- [Work task] From the material below, set down exactly the lines that run from the one containing "Pêche à l&#039;étang de Refeuille" to the one containing "Wachau Classic Blauer", minus the pictures.

Start of Data extract

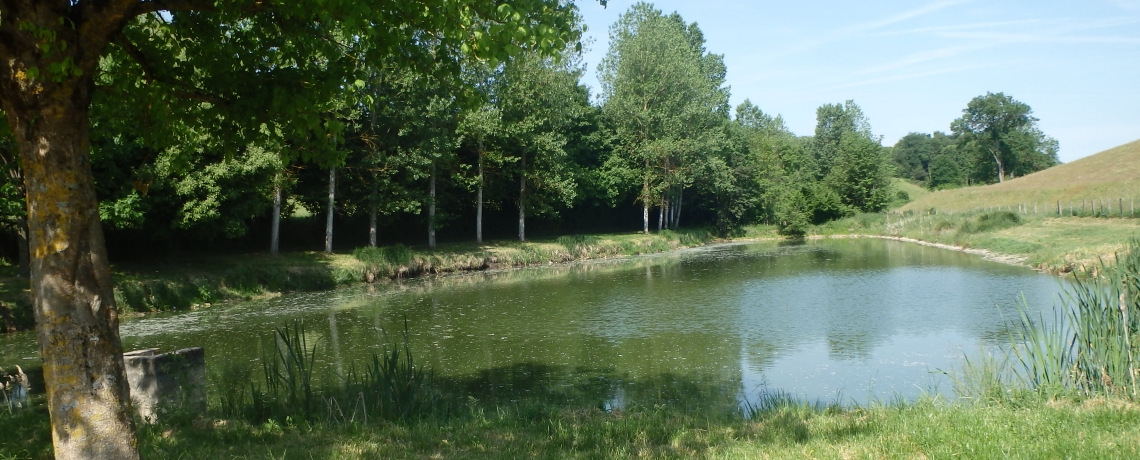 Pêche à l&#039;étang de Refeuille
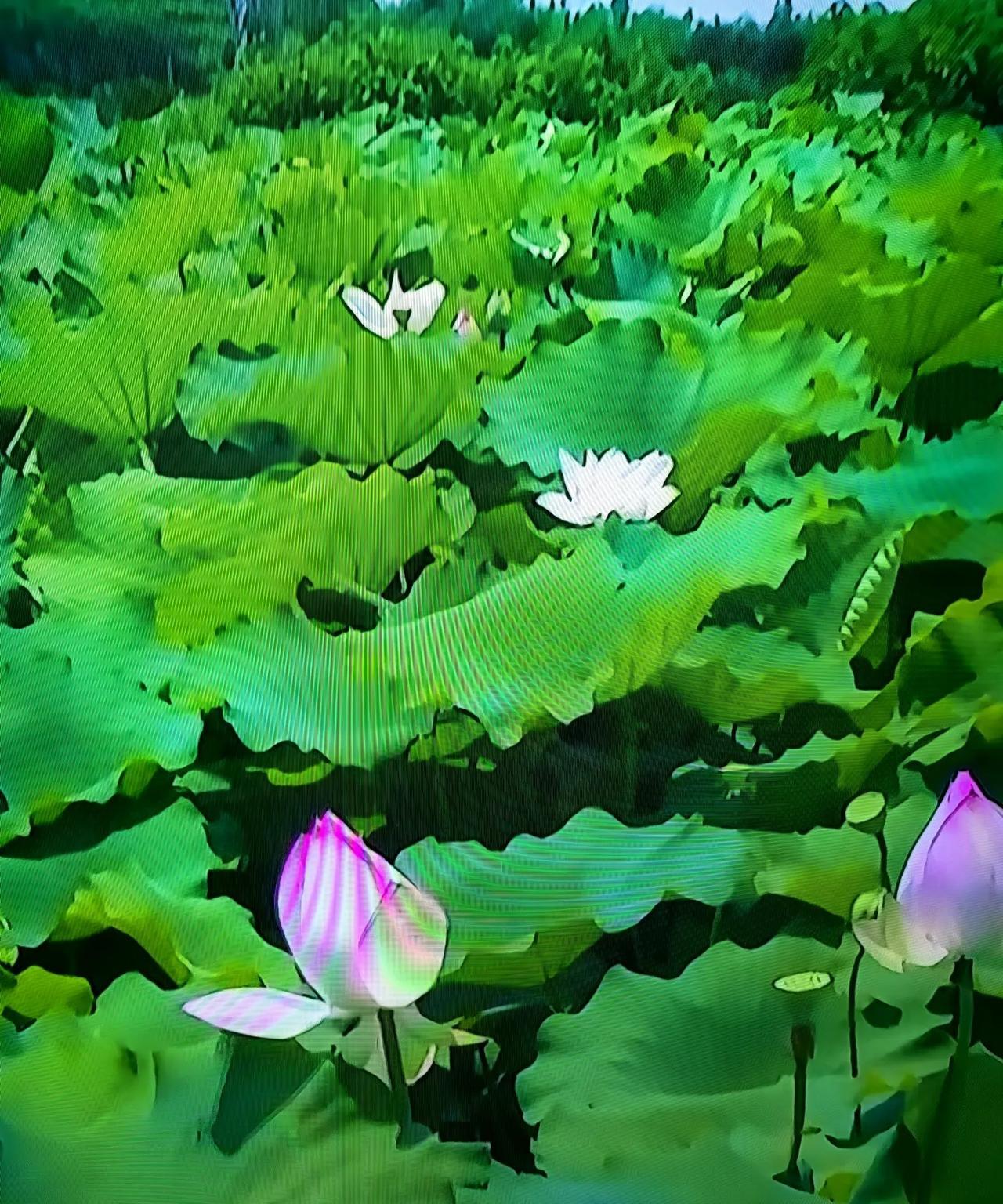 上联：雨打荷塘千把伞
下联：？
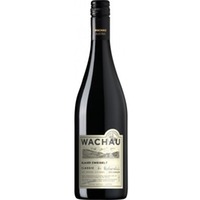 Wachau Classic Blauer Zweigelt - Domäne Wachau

End of Data extract
Start of Data extract

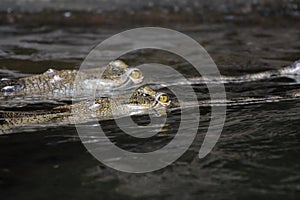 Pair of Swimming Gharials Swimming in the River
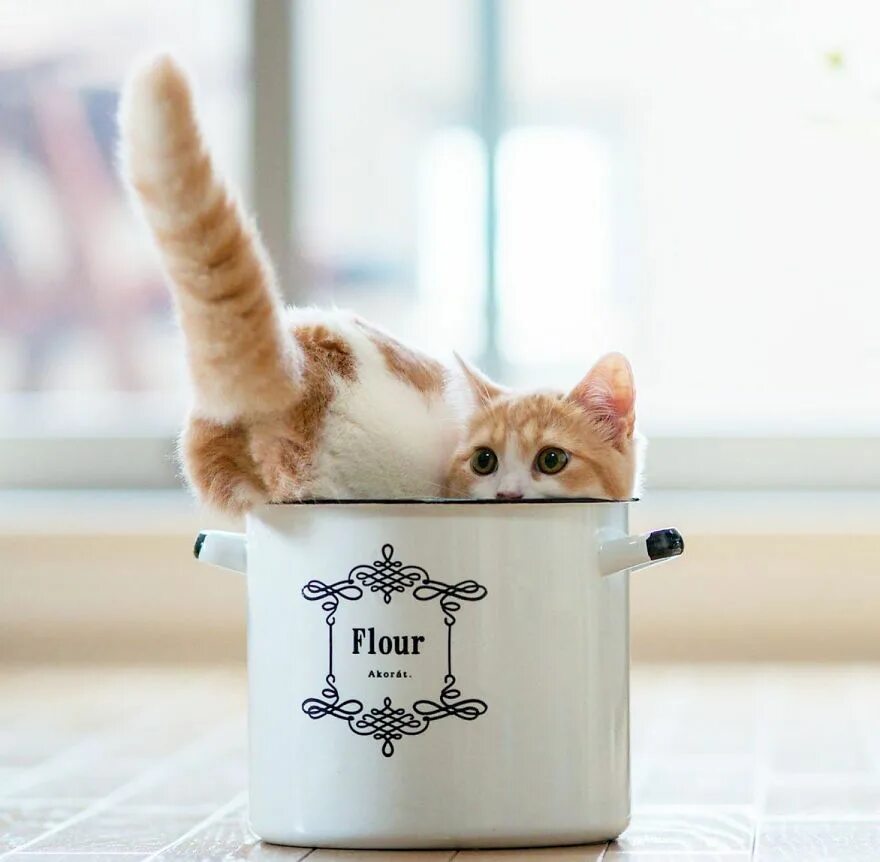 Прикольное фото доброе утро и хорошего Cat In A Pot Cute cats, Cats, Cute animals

End of Data extract

- [Output for this task]
 Pêche à l&#039;étang de Refeuille
 上联：雨打荷塘千把伞
下联：？
 Wachau Classic Blauer Zweigelt - Domäne Wachau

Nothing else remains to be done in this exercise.